Sudah seminggu sejak kamu menghilang, tak ada pesan, tak ada suara. Ponselku jadi benda mati, dingin tak bernyawa tanpa dering notifikasimu. Facebook bagai kuburan kenangan, penuh foto mesra yang terasa mencemoohku.
Aku terbaring di ranjang, demam cinta membakar tubuhku. Setiap batuk adalah seruan namamu, setiap hembusan napas adalah doa agar kamu kembali. Sup hangat yang disodorkan ibu terasa hambar, tak sebanding dengan manisnya senyummu.
Dokter bilang tak ada virus dalam darahku, hanya gejala psikosomatis. Pil yang diresepkannya tak mempan, tak bisa menyembuhkan rindu yang merajalela. Obatnya sendiri, katanya, ya kamu.
Maka kuambil foto kita, ditempelkan di dahiku seperti kompres panas. Kucium aromanya, sisa wangi parfummu yang masih menempel. Kubaca ulang pesan-pesanmu, tiap aksara menusuk pedih, manisnya bercampur duka.
Di malam sunyi, batukku kian parah, mengaduh pilu bagai serigala melolong. Aku mimpi kau ada di sini, genggam tanganku, bisikkan kata cinta. Bangun pagi, bantal basah air mata, kenyataan menampar kejam.

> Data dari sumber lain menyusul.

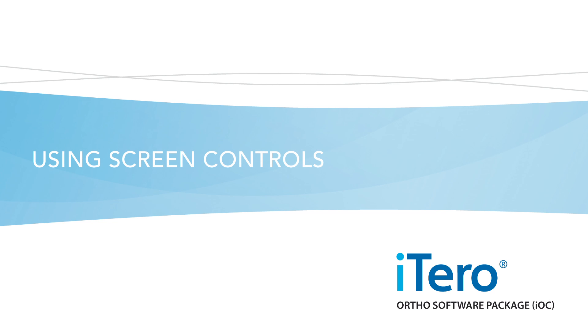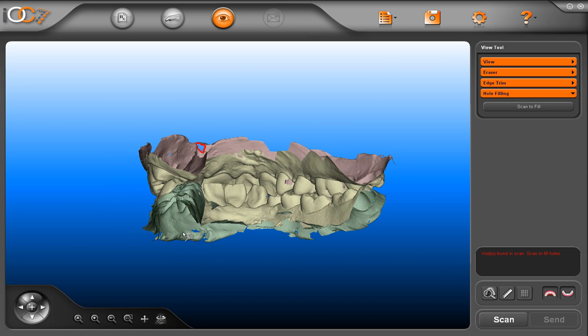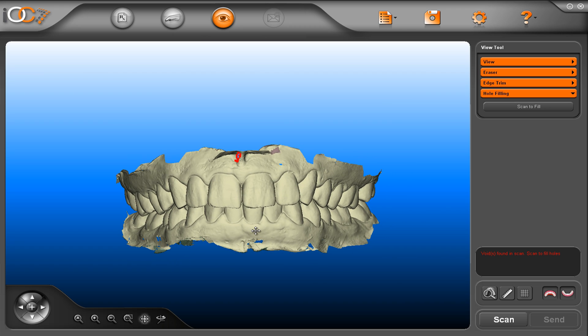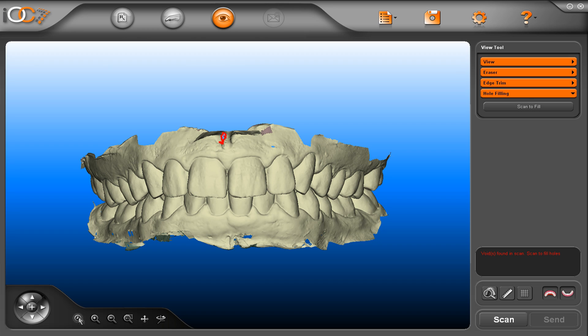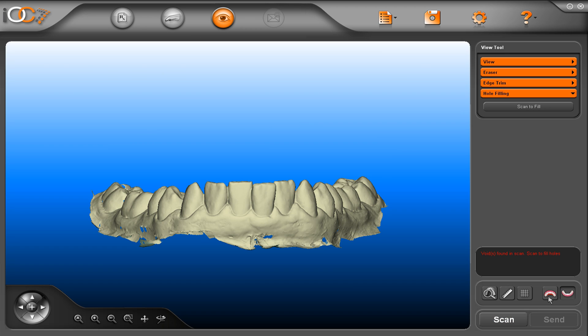Using screen controls. You can manipulate the model using the mouse and the screen control panel. You can rotate the model, pan up, down, right, left, zoom region, zoom out, and zoom in. To put the model in the centre, press zoom all. You can also control the model movement using the control buttons. Click on the plus button to centre the model on screen. Press the jaw icon to show and hide the jaw, allowing you to separate and view each jaw individually, including checking the lingual side for missing data.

Flu percintaanku semakin parah. Aku tak bisa makan, tak bisa tidur, hanya merindu, merindu, dan merindu. Ibu semakin khawatir, teman-teman mulai cemas. Aku tahu mereka tak paham, betapa sakitnya virus ini.
Sampai suatu hari, di tengah derai hujan, ponselku berdering. Nomor tak dikenal. Jantungku nyaris copot. Dengan nafas tersengal, kuangkat. Suaramu. Hangat, lembut, memecah sunyi.
"Maaf," katamu. "Ada hal yang harus aku selesaikan. Aku baru bisa memberimu kepastian sekarang."
Kata-katamu bagai obat ajaib. Flu percintaanku perlahan surut. Hidungku tak lagi tersumbat, kepala tak lagi berdenyut. Demam cintaku perlahan padam, digantikan oleh secercah harapan.